§ **WHAT THE TASK REQUIRES**:
In the entries below, which lines run from the one with "413 Fair Oaks" through the one with "vista superior de"? Repeat exactly those, both included, and no pictures.

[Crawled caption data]
—————
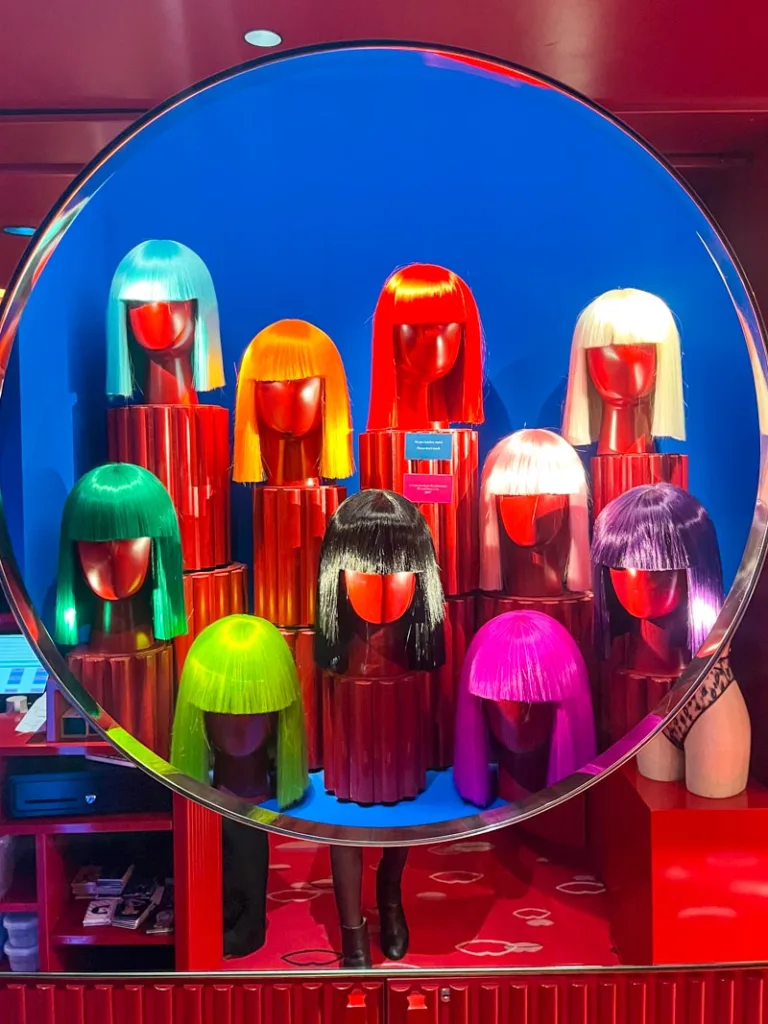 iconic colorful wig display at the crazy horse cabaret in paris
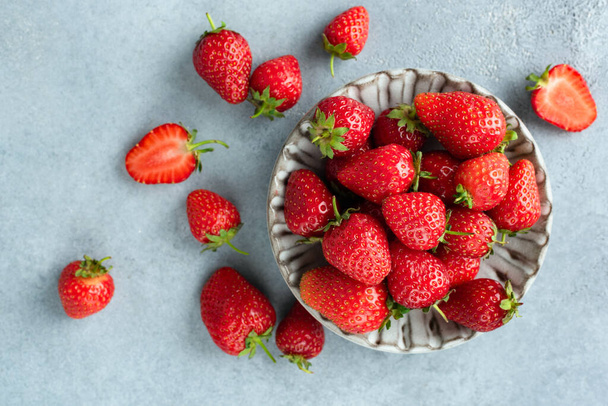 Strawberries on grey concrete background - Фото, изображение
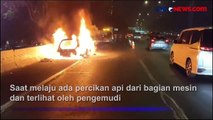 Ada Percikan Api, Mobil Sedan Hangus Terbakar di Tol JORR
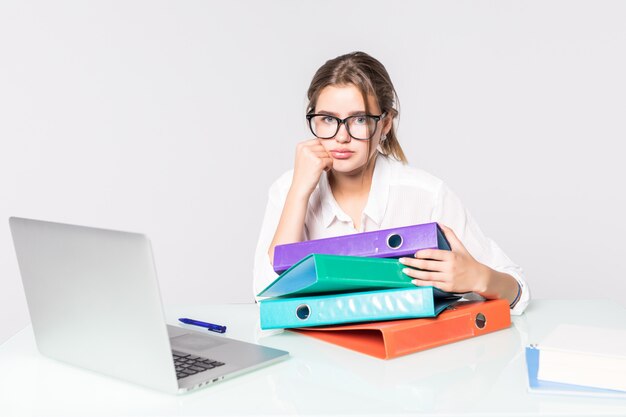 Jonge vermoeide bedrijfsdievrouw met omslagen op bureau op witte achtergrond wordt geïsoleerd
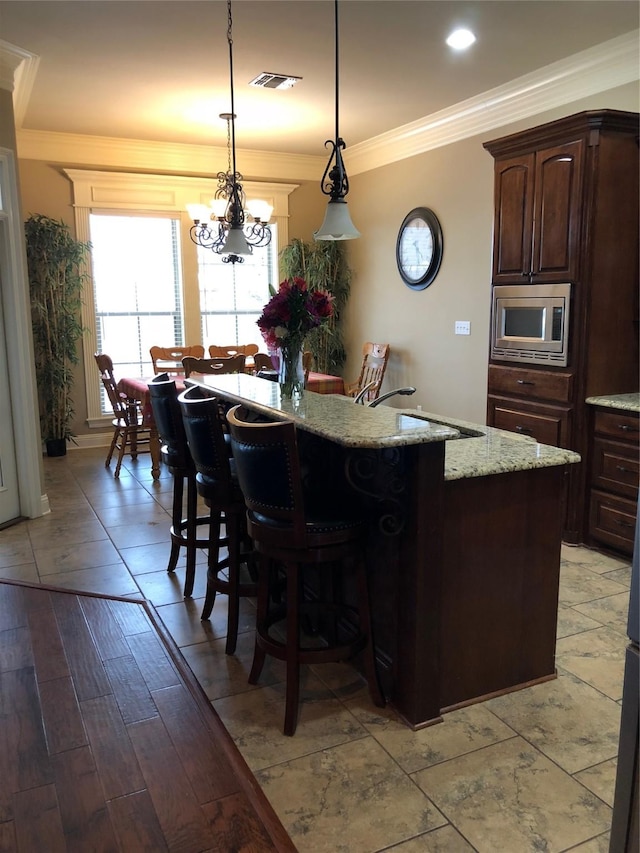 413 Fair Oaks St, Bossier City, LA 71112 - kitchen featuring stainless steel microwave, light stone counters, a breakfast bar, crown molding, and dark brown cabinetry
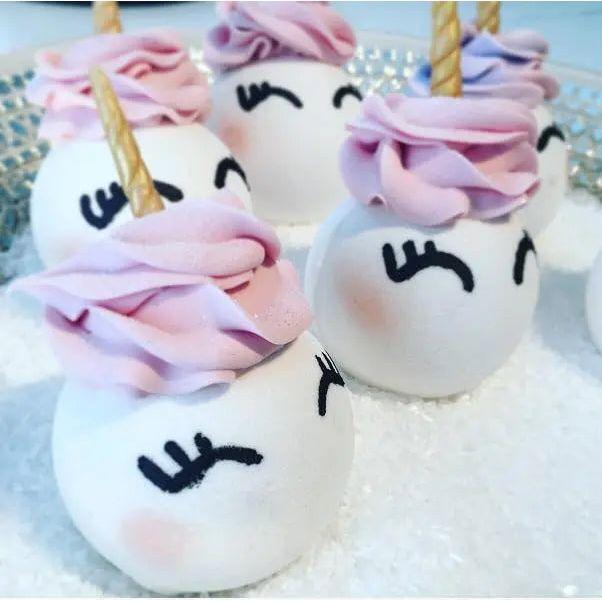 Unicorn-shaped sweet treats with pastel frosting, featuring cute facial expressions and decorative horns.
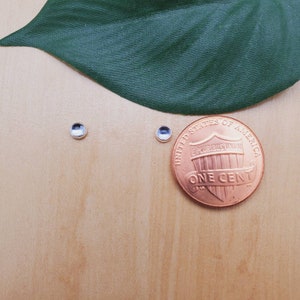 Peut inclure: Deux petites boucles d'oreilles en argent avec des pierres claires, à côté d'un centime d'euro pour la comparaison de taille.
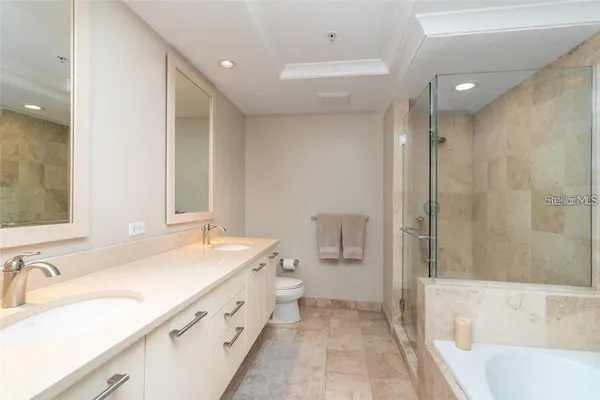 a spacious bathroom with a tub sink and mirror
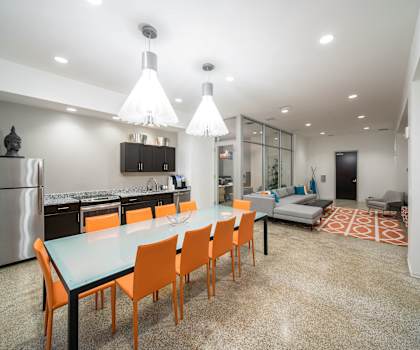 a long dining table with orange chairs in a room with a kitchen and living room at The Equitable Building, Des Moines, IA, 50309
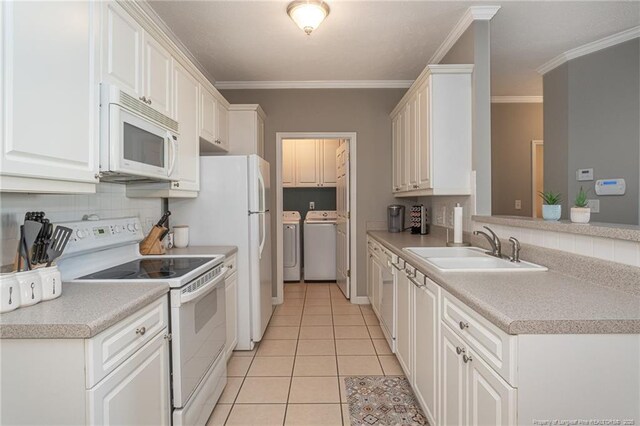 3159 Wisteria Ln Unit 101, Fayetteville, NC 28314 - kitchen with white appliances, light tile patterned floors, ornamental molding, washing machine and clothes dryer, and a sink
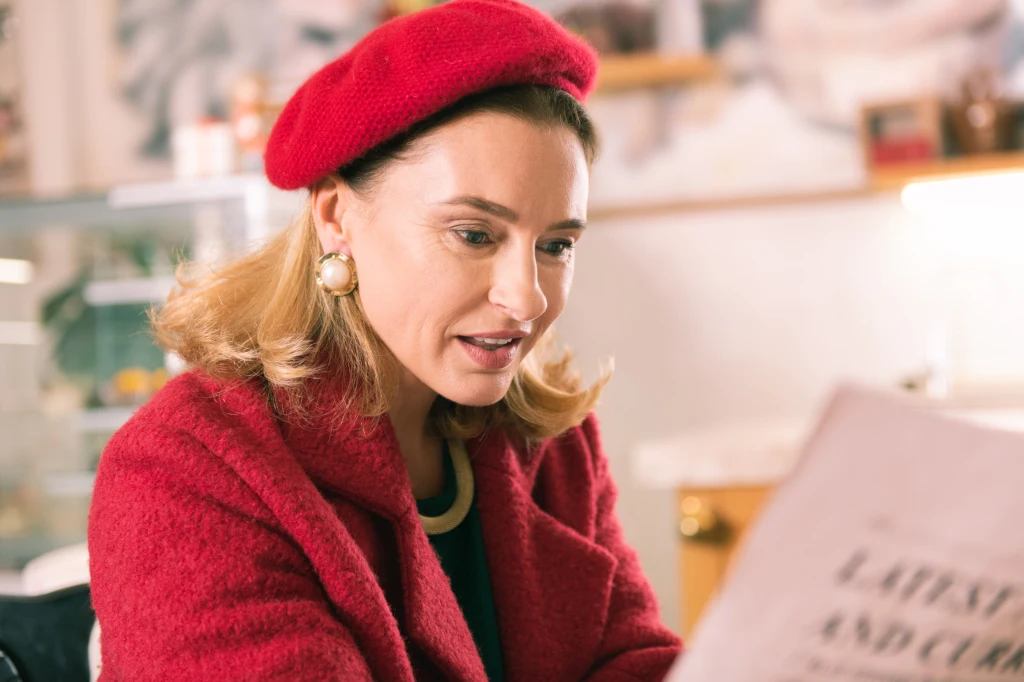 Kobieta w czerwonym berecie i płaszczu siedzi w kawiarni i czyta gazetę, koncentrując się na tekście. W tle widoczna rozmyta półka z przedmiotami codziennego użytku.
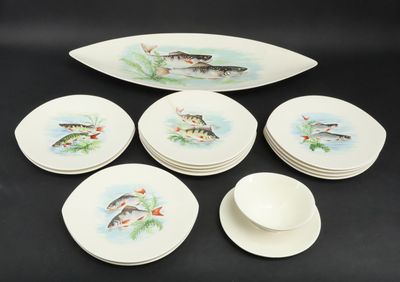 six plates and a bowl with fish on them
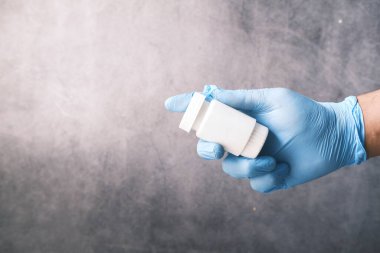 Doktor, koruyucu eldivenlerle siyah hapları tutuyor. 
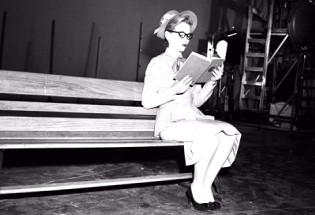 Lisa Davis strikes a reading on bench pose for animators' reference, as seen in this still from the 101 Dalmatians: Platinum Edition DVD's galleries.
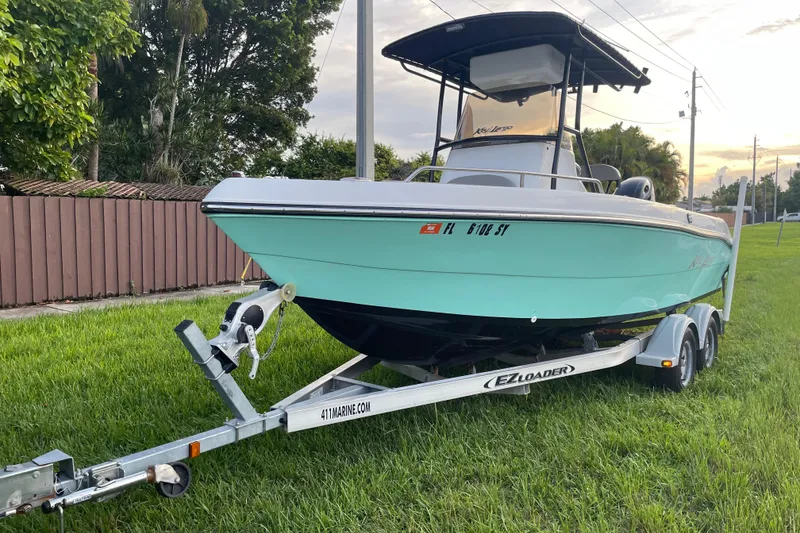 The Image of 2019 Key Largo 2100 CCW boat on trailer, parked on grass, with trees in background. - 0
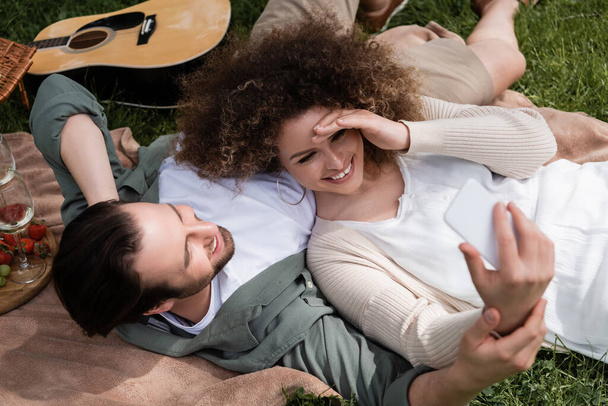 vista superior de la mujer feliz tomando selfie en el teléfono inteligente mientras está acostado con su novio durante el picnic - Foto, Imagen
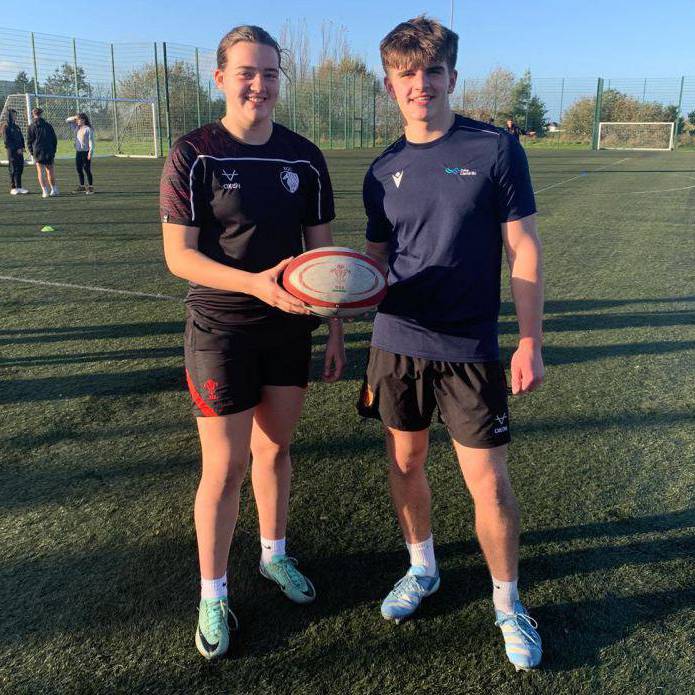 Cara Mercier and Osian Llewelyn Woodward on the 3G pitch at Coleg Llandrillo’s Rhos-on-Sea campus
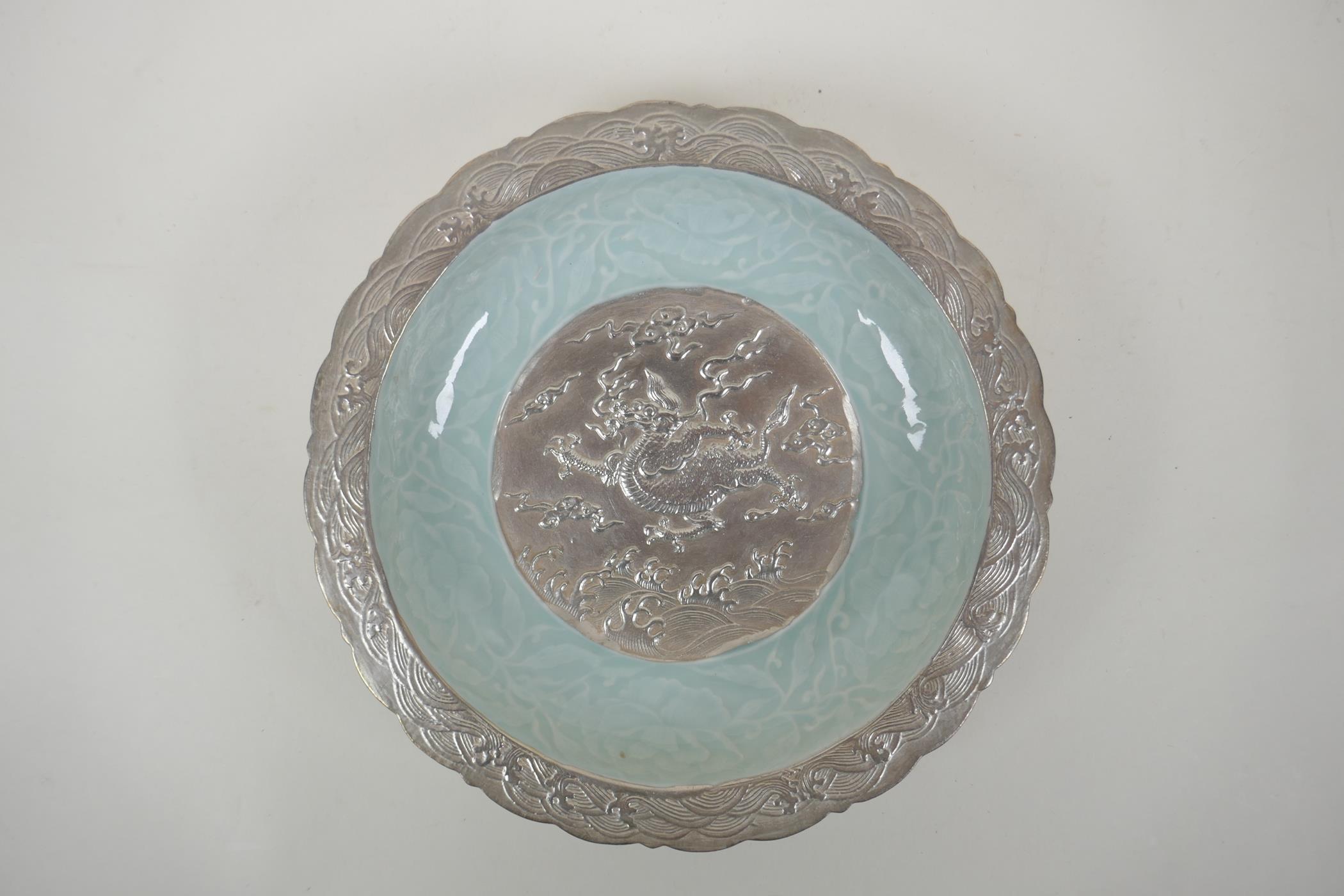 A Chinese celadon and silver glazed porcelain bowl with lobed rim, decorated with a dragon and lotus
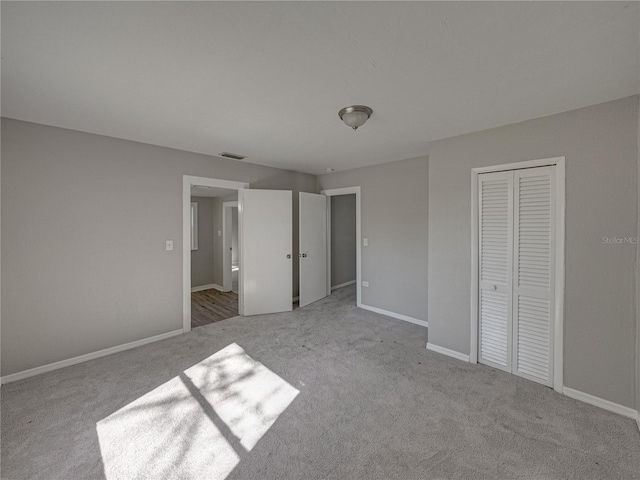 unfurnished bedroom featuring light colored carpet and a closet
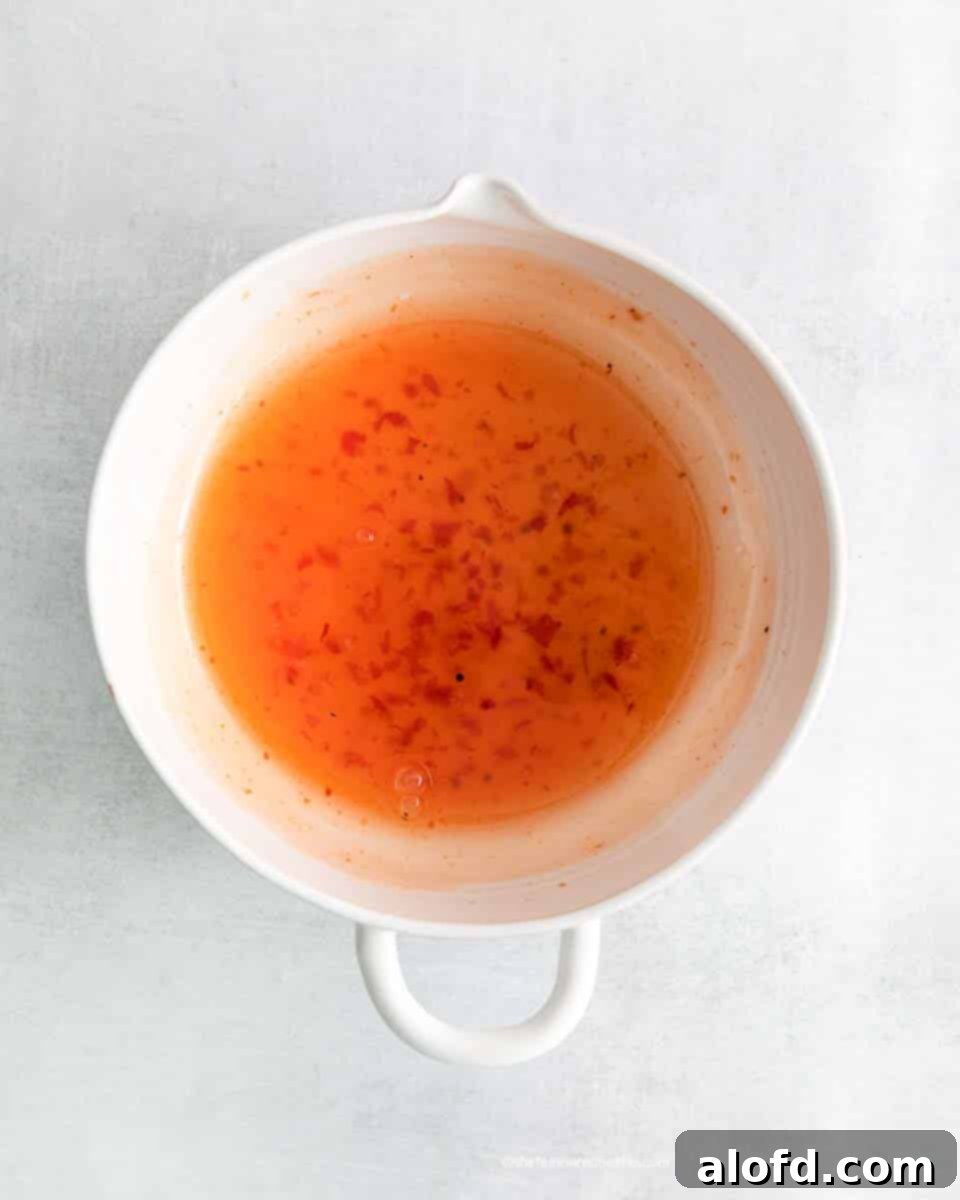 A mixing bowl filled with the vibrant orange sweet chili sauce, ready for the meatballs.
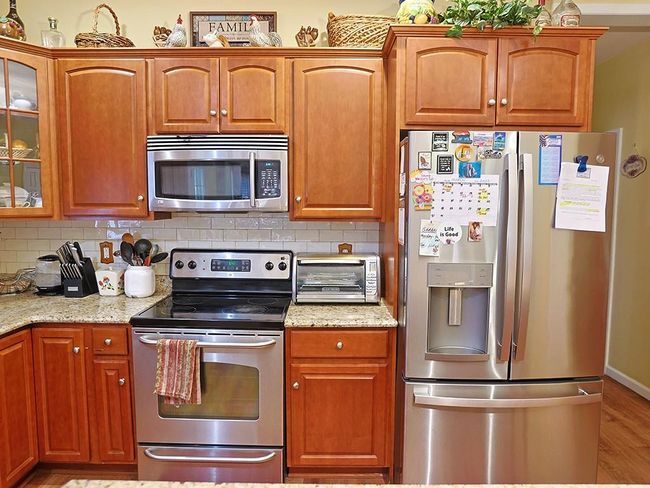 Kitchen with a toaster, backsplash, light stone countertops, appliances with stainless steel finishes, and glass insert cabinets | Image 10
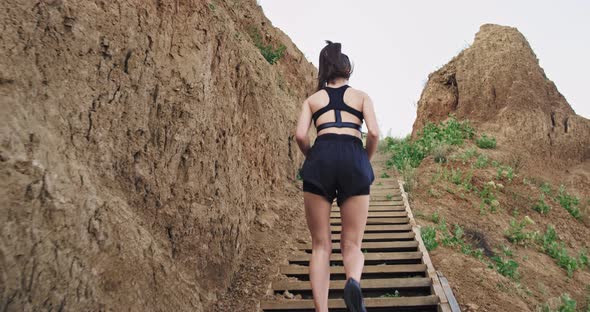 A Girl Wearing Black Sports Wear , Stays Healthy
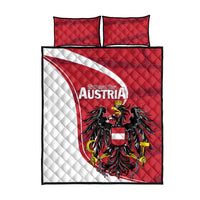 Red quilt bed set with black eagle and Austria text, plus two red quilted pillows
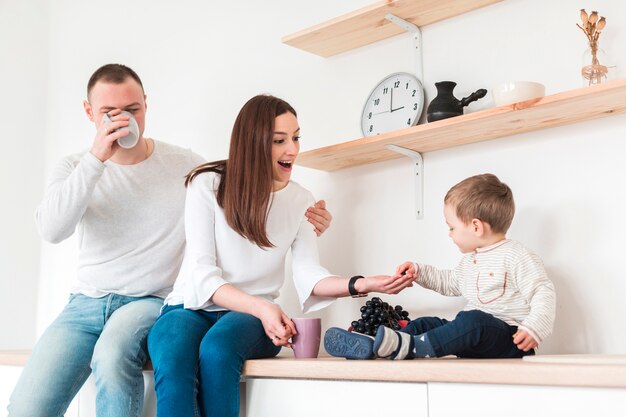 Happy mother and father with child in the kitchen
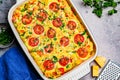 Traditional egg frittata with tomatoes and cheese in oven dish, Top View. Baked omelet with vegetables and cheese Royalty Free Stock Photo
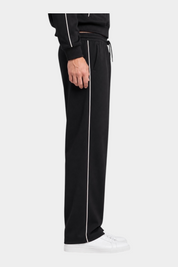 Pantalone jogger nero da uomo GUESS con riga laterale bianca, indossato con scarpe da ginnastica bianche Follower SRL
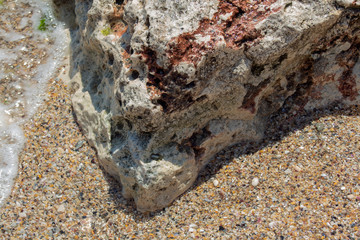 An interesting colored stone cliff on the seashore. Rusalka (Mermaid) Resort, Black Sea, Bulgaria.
—————
§ **EXERCISE RESPONSE**:
 413 Fair Oaks St, Bossier City, LA 71112 - kitchen featuring stainless steel microwave, light stone counters, a breakfast bar, crown molding, and dark brown cabinetry
 Unicorn-shaped sweet treats with pastel frosting, featuring cute facial expressions and decorative horns.
 Peut inclure: Deux petites boucles d'oreilles en argent avec des pierres claires, à côté d'un centime d'euro pour la comparaison de taille.
 a spacious bathroom with a tub sink and mirror
 a long dining table with orange chairs in a room with a kitchen and living room at The Equitable Building, Des Moines, IA, 50309
 3159 Wisteria Ln Unit 101, Fayetteville, NC 28314 - kitchen with white appliances, light tile patterned floors, ornamental molding, washing machine and clothes dryer, and a sink
 Kobieta w czerwonym berecie i płaszczu siedzi w kawiarni i czyta gazetę, koncentrując się na tekście. W tle widoczna rozmyta półka z przedmiotami codziennego użytku.
 six plates and a bowl with fish on them
 Doktor, koruyucu eldivenlerle siyah hapları tutuyor. 
 Lisa Davis strikes a reading on bench pose for animators' reference, as seen in this still from the 101 Dalmatians: Platinum Edition DVD's galleries.
 The Image of 2019 Key Largo 2100 CCW boat on trailer, parked on grass, with trees in background. - 0
 vista superior de la mujer feliz tomando selfie en el teléfono inteligente mientras está acostado con su novio durante el picnic - Foto, Imagen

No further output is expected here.